The South Bay’s largest employing sector, Professional & Business Services, which employs 21% of the total workforce, grew 2.7% year-over-year, an addition of 6,500 new positions. The Manufacturing sector, the South Bay’s second largest industry in terms of total employment, increased 3.2% from October 2018 to October 2019, an addition of 5,600 new jobs. The South Bay was the only Northern California metro area to experience positive growth in the Manufacturing sector.

The only industry to record declining employment growth in the South Bay is the Logistics sector, a trend that began in early 2019. While this industry makes up the smallest share of the South Bay labor market, it has shed 4,100 jobs since the decline began. However, it is important to note that employment growth in this industry is relatively volatile, and swings of 8% in either direction are not uncommon.

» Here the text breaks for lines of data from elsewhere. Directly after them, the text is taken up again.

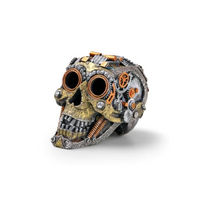 Produktbild von Eden Steampunk Totenkopf Aquariumdekoration als Versteck für Fische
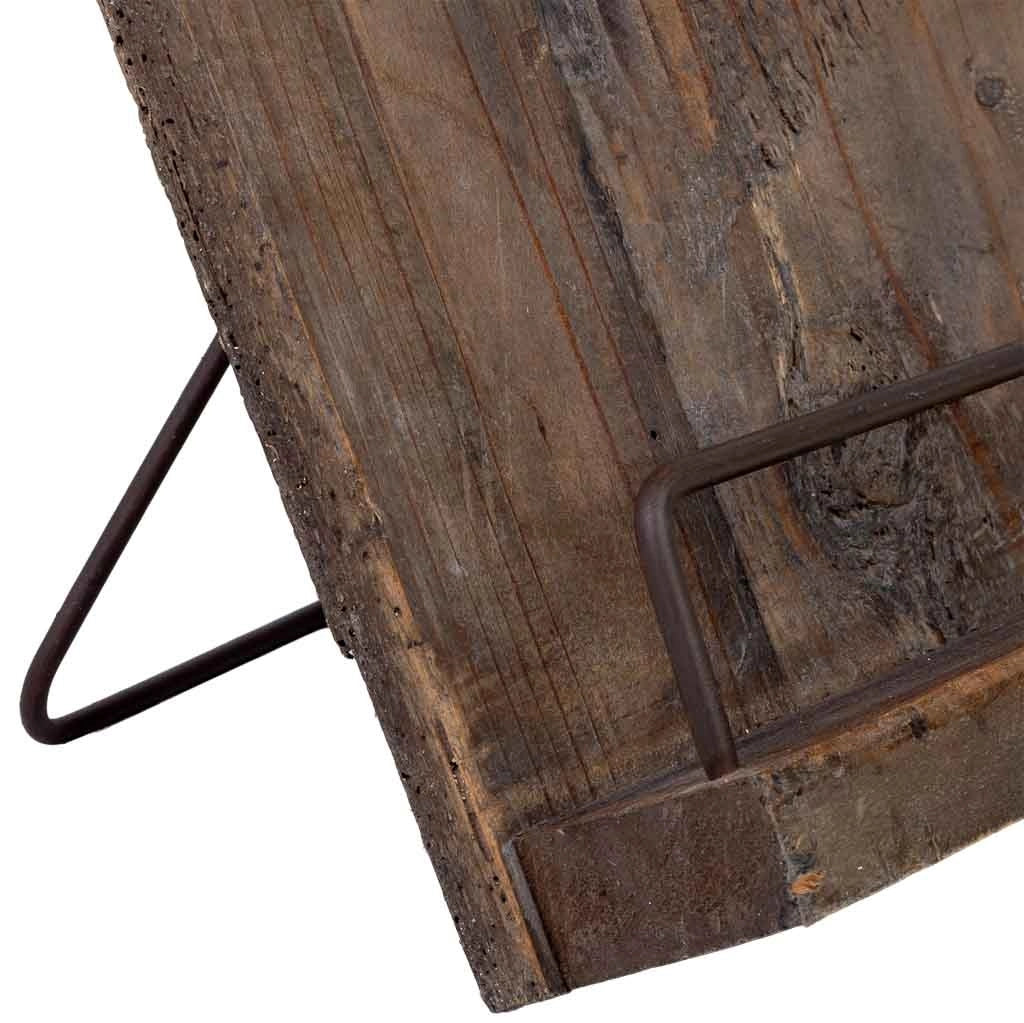 Leggio in legno marrone 23x18x31,5h cm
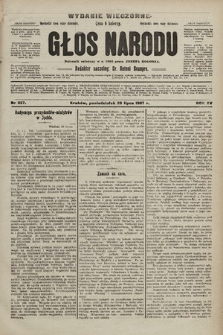 Głos Narodu : dziennik polityczny, założony w r. 1893 przez Józefa Rogosza (wydanie wieczorne). 1907, nr 337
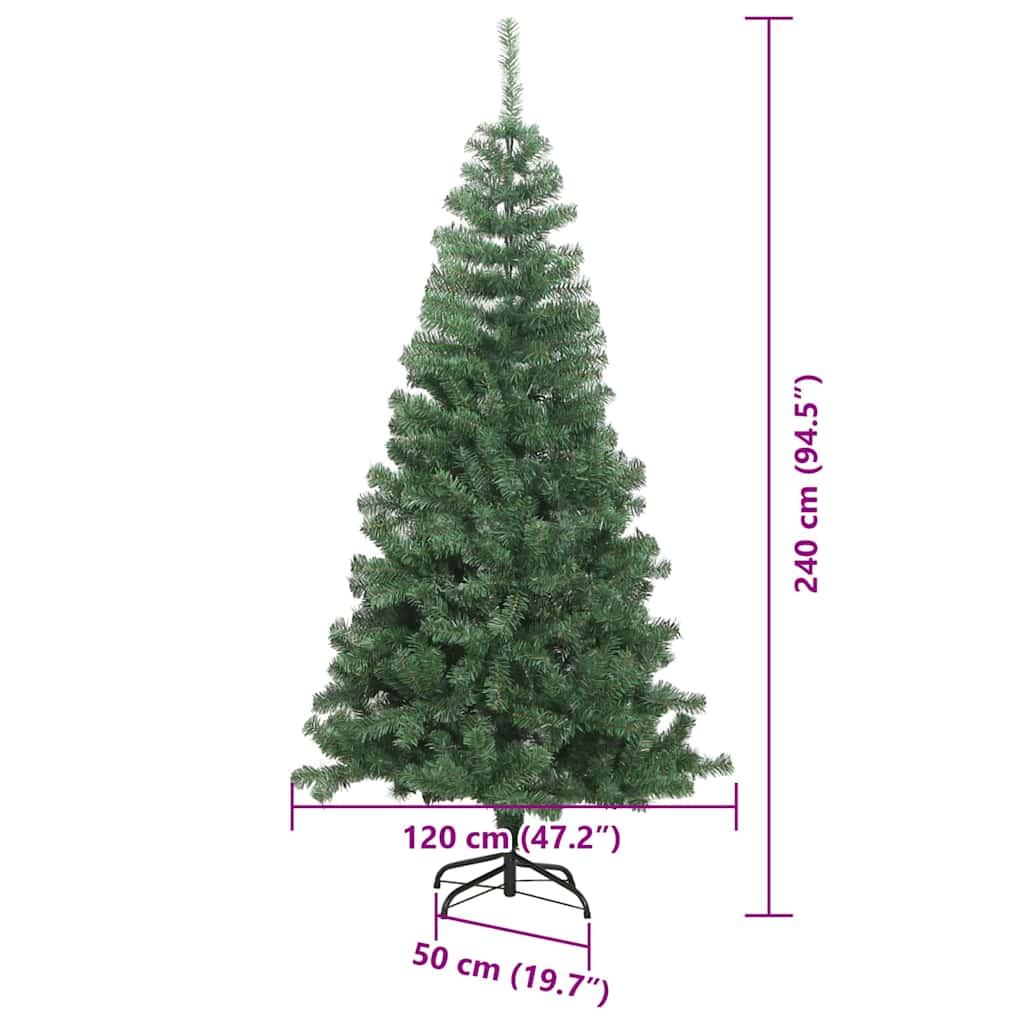Weihnachtsbaum Grün 240 cm PVC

Home Prices Contract; Ownership Still Out Of Reach For Most

While the median price of an existing single-family home in the South Bay surpassed its pre-recession peak in the fourth quarter of 2015 and soared 36% above that level in the first quarter of 2018, prices have since retreated and continue to trend down. From the third quarter of 2018 to the third quarter of 2019, the median price of an existing single-family home in the South Bay decreased by 3.0% to $883,000. This represents a substantial reversal of trend from the near double-digit average annual price growth experienced in the region following the recession. The East Bay (-0.6%) was the only other major metro area to record negative home price growth in the third quarter of 2019.

On a year-over-year basis, sales of existing single-family homes in the South Bay declined by 0.6% in the third quarter of 2019. While still in negative territory, this is a considerable moderation compared to the double-digit declines in home sales experienced over the previous four quarters. Much like its neighbors San Francisco (-3.2%) and the East Bay (-4.8%), the downward trend in mortgage rate averages since the start of the year appears to have done little to stem further declines in home sales. In contrast, many Southern California metros recorded positive home sales in the third quarter of 2019.

Despite cooling price appreciation for single-family homes in recent months, homeownership is still out of reach for many in the region. At $883,000, the median home price in the South Bay is second only to San Francisco (MD). For those priced out of the homeownership market, the average cost of rent in the South Bay increased 2.6% year-over-year in the third quarter of 2019 to $2,755/month. While recording the second highest cost of rent among all the state’s major metro areas, the South Bay experienced the slowest growth in rent cost in the third quarter of 2019.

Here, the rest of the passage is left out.